Apesar de não ser associado a movimentos literários, Helder, durante a década de 50, fez parte do grupo denominado “Café Gelo”, que reunia, principalmente, poetas surrealistas. Opositor ao regime salazarista em Portugal, foi censurado, perseguido e preso, tendo que se exilar em Londres, com a sua esposa, Suzette Ribeiro, entre os anos 1960 e 1971. Na Inglaterra, eles ficaram muito amigos do casal de poetas Ted Hughes e Sylvia Plath. Inclusive, quando Plath se separou de Huges, ela morou por algum tempo na casa deles.
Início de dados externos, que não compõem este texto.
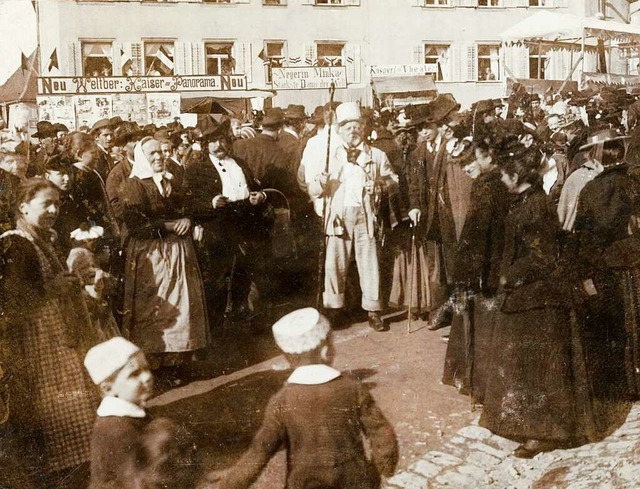 Das erste Fastnachtsbild aus Neustadt ... bei der Proklamation der Fasnet 1889.  | Foto: Roland Weis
Como forma de agradecimento, ela escreveu o poema “Papoilas em Outubro”, dedicando-os.

***

Sobrevivi a minha própria morte
sobrevivi
como um corpo sem comando
como um corpo desmembrado
cabeça decepada flutuando
na vaga escuridão indefinida
que a minha voz limita
e separa
em dois círculos concêntricos
dois espelhos
refletindo opostamente distorcido
o espaço enclausurado do meu canto
meu corpo sem fronteiras
ocupando pouco a pouco a escuridão
da morte indiferente que me cerca
e da verdade neutra que eu encerro.

***

da minha voz recebo só o eco
como da voz dum ser que já passou
ou não chegou
ou reside unicamente
no negro centro amorfo
onde a paixão indecifrada
que procuro definir
se bifurca
germinando a morte e  o nascimento
no ciclo transitório dos destinos.

***

Não é o bastante
que eu reconheça a minha solidão
e a preze como o início dum caminho.
Não é o bastante
ser livremente tudo quanto sei
e estar aberto a tudo que serei.
Tudo o que fui e o que sou e o que serei
já são iguais
no tempo do meu todo ignorado.
Quero abrir o que as palavras não descrevem
por já não responder ao sim e ao não
do meu espelho conhecível.
Já não me basta apenas dar um nome
à morte que me cabe enquanto vivo
porque morrer é ter perdido a morte
para sempre
tornando sem sentido o sim e o não
com que me circundei e defini-me.
Conheço-me as fronteiras.
Quero o resto.

O DESERTO

Agora o vazio
agora o vazio
agora o vazio
porque estou sem mim
agora o deserto
porque a vida que gerei
negou a vida

chorai chorai comigo
ou tapai-me a boca
com pedras e com estrume
chorai chorai chorai
porque aquele que tinha em si
a morte e a vida
escolheu a morte
recusou a vida

e eu não sei senão chorar
neste deserto
e eu não sei
e eu não sei
e o deserto é vazio
e o deserto sou eu
porque a vida que gerei
escolheu a morte

essas vozes que ouvias
meu menino
essas vozes que ouviste
e chamavam por ti
não era a morte não
que a morte é muda
e quando a morte fala
é porque é vida
era a voz do que tu és
e não conheces
a chamar-te para ti
a chamar o seu dono
para lhe mostrar
que toda a eternidade
está contida
no teu corpo
que podes conhecer
a eternidade
pois não há outra
além de conhecê-la
no prazo temporário
do teu ser
e só aí
só em ti
porque ela é tão finita
como tu
e tão mutável
e tudo que não seja
é só o nada
nada
nada

ah chorai comigo
ou então matai-me

recusaste
ser tudo quanto és
recusaste
encontrar-te
face a face
com o segredo de ti
ou cegaste
quando o viste
e guardaste só nos olhos
a visão
que projetaste no vazio
e então morreste
e morreste
antes de ser
pois é profeta
de mundo que não há
e não do mundo
e morreste
e morreste
e morreste antes de seres
e não deste o teu nome
à tua vida
e eu choro
choro
choro
sobre o teu pavor
de não teres alma
de não seres tu
a alma do teu corpo
e choro sobre mim
que te gerei
e pari morte
porque negaste
a vida que em mim tinha
e que te dei
e fiquei só
e estou sem nada
e o meu ventre está oco
é o vazio
e sequei
e sequei
como o deserto.

*Poemas do livro “Poesia 1957 – 1977”, Editora Círculo de Poesia, Lisboa, 1979.